Wortwörtlich das Ende. Im Jahr 2006 als „BW-Jugendliga“ gegründet, waren wir fast der einzige Gründungsverein, welcher übriggeblieben war. Eppingen, Neumühl, Urach, Bad Mergentheim, Tamm, Wolfbusch, sie alle waren verschwunden. Bebenhausen, immer noch dabei, oder besser gesagt „wieder dabei“, weil sie seit 2006 hin und wieder abgestiegen sind. Und die ganzen anderen Vereine, welche immer wieder hinzukamen, jedoch teilweise schnell wieder verschwanden. Zu viele, um sie hier alle zu nennen.
Und wir. Da waren wir. Nächste Saison sind wir nicht mehr da. Der Letzte macht das Licht aus. In diesem Fall war das ich.
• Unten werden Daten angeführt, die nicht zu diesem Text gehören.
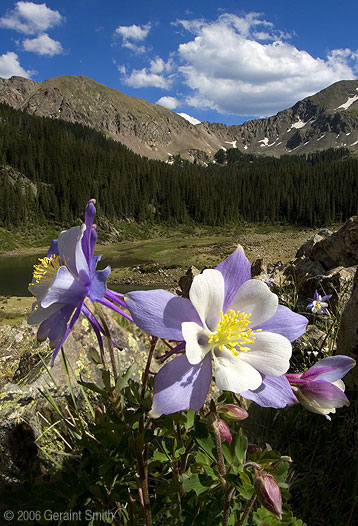 Columbine at Williams Lake in the Wheeler Peak Wilderness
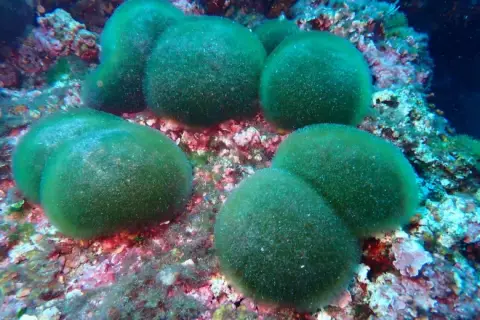 Codium bursa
Da war das klare 4:0 über Schmiden/Cannstatt kein Trost. Ja, das war der Grund, wieso meine Stimmung bedrückt war. Mit dem 7. Platz waren wir offiziell aus der Jugendbundesliga Süd abgestiegen. Für mich ein sehr trauriger Tag. Neben dem IM-Titel wünsche ich mir nichts mehr, dass mich eines von diesen Kindern irgendwann überholt. Darin investiere ich wahrscheinlich mehr Energie und Zeit als in das Erreichen meiner persönlichen Ziele. Denn nach mir muss es auch weitergehen. Nun, ich bin mir absolut bewusst, dass andere Leute unseren Abstieg gut finden und sich vielleicht daran ergötzen und ich weiß auch, dass ich für solche Meinungen nicht unbedingt in fremde Vereine gucken muss. Aber für mich ist es schlimm. Ein Verein, welcher in der 2. Bundesliga Süd spielt und sich „Gute Jugendarbeit“ auf die Fahne schreibt, sollte zumindest die Klasse in der Jugendbundesliga halten.
Vor allem, weil diese Verbandsjugendliga sicher nicht der geeignete Ort ist, um die zukünftigen Bundesliga- und Oberliga-Spieler:innen des Heilbronner SV auszubilden.